Itasca, IL – The National Safety Council today announced that John Deere is supporting Council efforts to reduce unintentional injuries and deaths beyond the workplace. United States employees are less safe at home than at work. In fact, 9 out of every 10 unintentional employee deaths occur off the job.
“Increasingly, organizations who value safety, such as John Deere, recognize that keeping their employees safe after they leave the workplace is necessary for operational excellence,” said Janet Froetscher, National Safety Council president and CEO. “Off-the-job safety, including workers and their families, is a key component of an organization’s safety management system.”
John Deere is supporting the Council’s Bring Safety Home Web pages, enabling the following information to be provided free of charge online to the public:
- A downloadable version of the Off-the-Job Safety Program Manual 2nd Edition.

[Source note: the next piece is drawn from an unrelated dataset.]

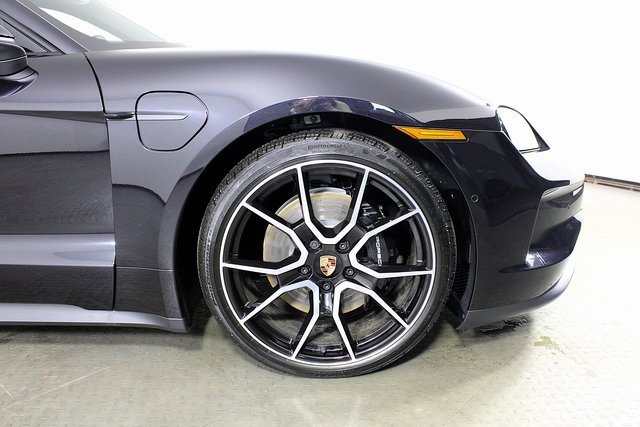 New 2025 Porsche Taycan image 10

This 70-page book outlines the elements of a successful program, discusses motivating employees and creating the right workplace culture, and offers tips and tactics for off-the-job safety program communicating.

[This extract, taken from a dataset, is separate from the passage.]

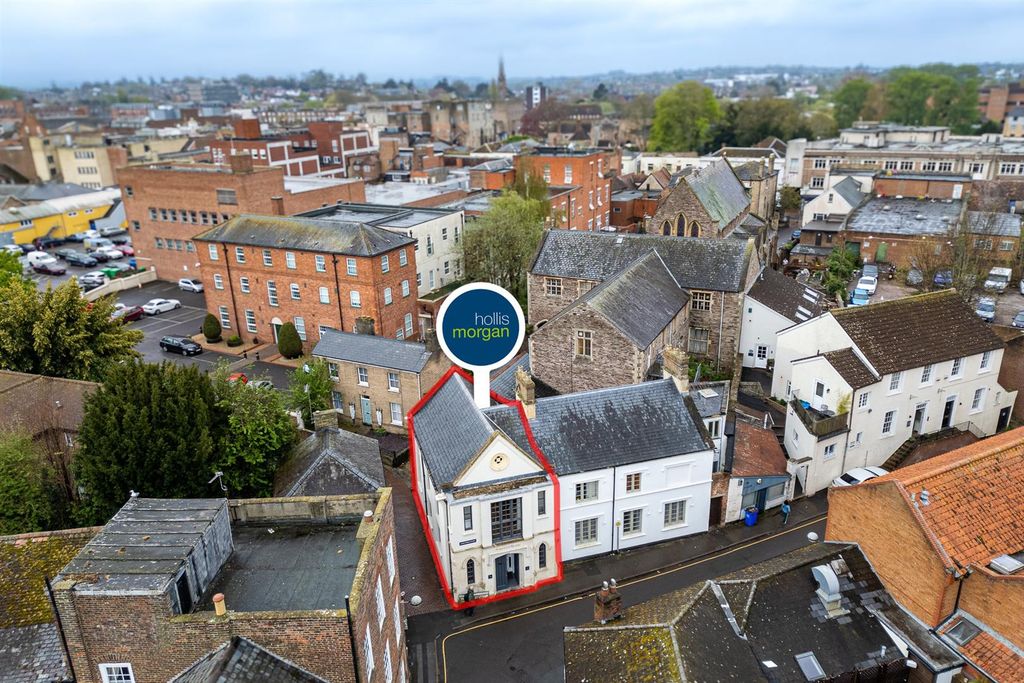 Property photo 1 of 26 Somerset House, Taunton Ta1 1Sf | Hollis Morgan Li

- The seven elements essential to an off-the-job safety program.
- A checklist of questions used to determine gaps in an off-the-job safety program.
- An implementation tool and legend used to plot the stages of an off-the-job safety program.
- A customizable PowerPoint presentation to help make the case for an off-the-job safety program.
- An archive of articles appearing in Safety+Health® magazine profiling various aspects of off-the-job safety programs.
- A cost-capturing tool designed specifically to track off-the-job safety costs.
John Deere has been a member of the National Safety Council since 1924. Over the years, they have provided support for off-the-job safety efforts that include attending and presenting at the NSC Off-the-Job Safety Symposia. Many John Deere associates also have served in various NSC board and volunteer positions.
The National Safety Council (nsc.org) saves lives by preventing injuries and deaths at work, in homes and communities, and on the roads through leadership, research, education and advocacy.